Task goal —
The full listing, copied exactly and free of pictures, is the expected reply.

Dataset excerpt —
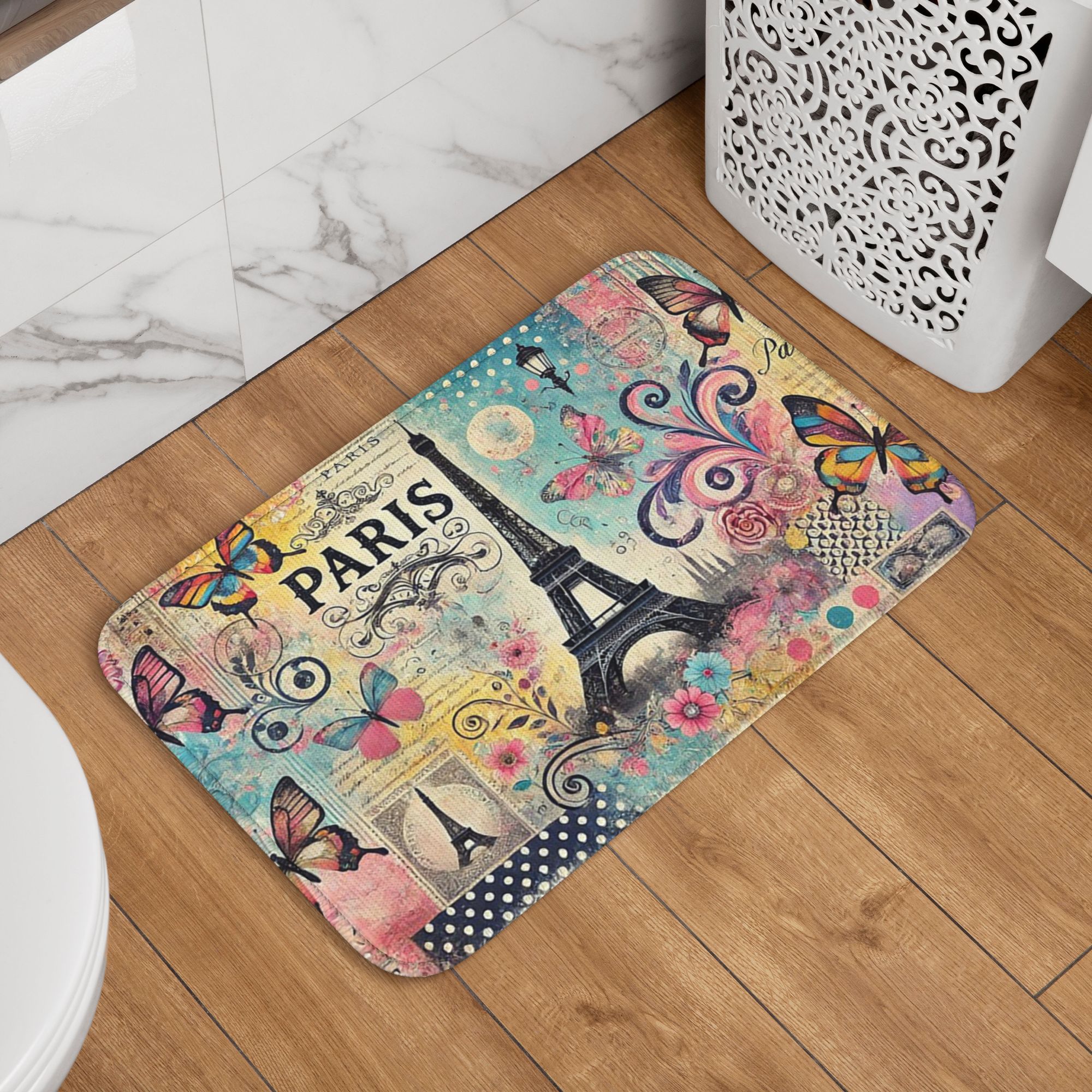 Paris Eiffel Tower art Doormat - Home Textiles Paris avaliação e preço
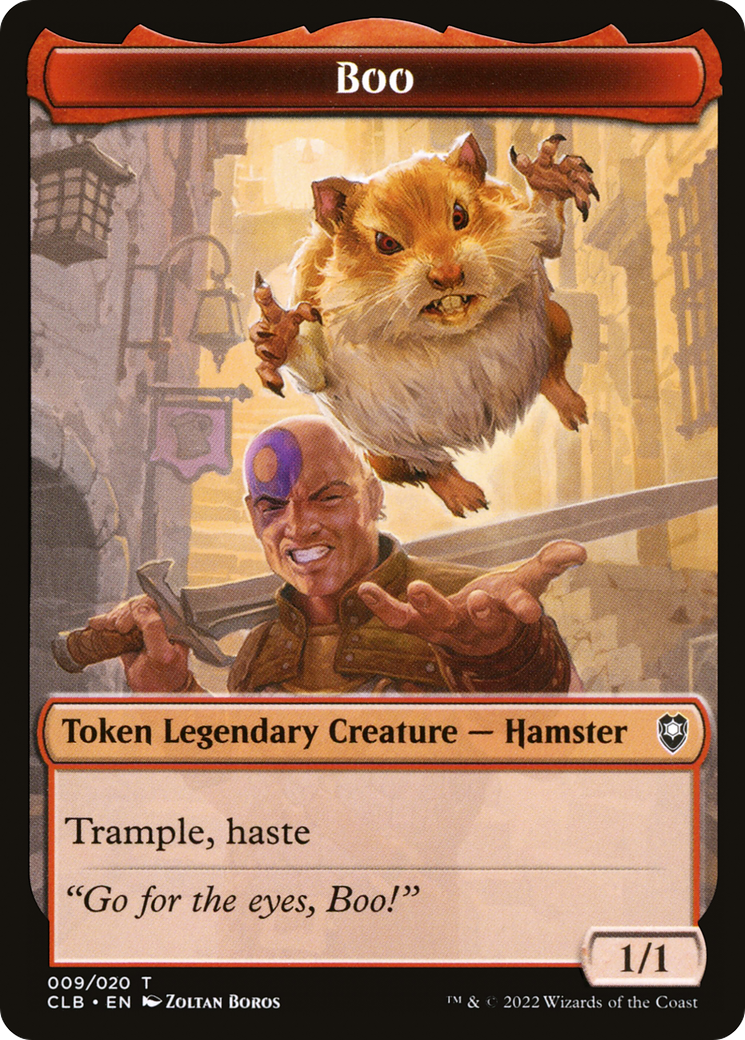 Boo Token (CLB-009) - Battle for Baldur's Gate Tokens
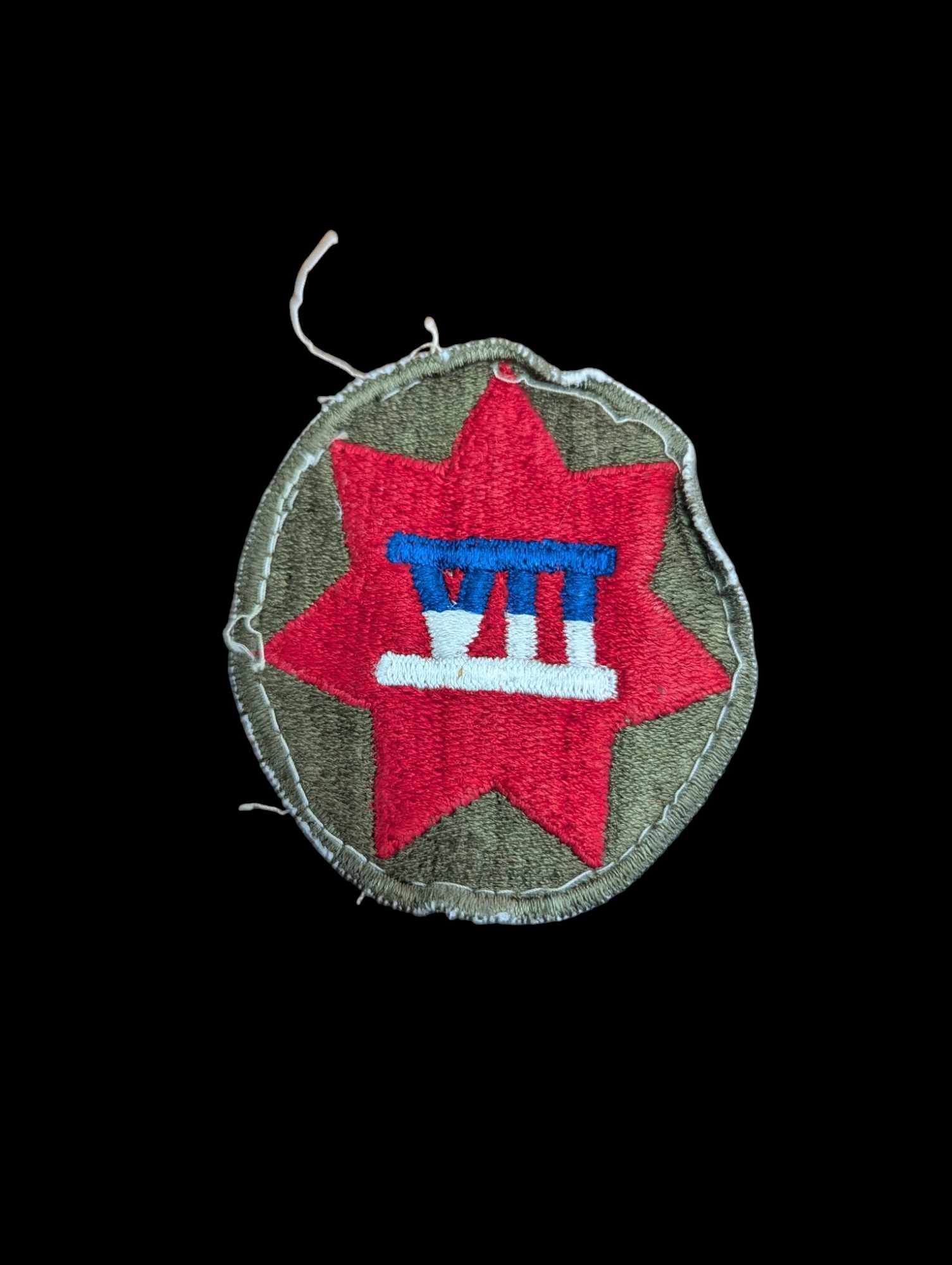 militaria : Patch 7e armée US ww2 / Patch 7th army US ww2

Expected answer —
 Paris Eiffel Tower art Doormat - Home Textiles Paris avaliação e preço
 Boo Token (CLB-009) - Battle for Baldur's Gate Tokens
 militaria : Patch 7e armée US ww2 / Patch 7th army US ww2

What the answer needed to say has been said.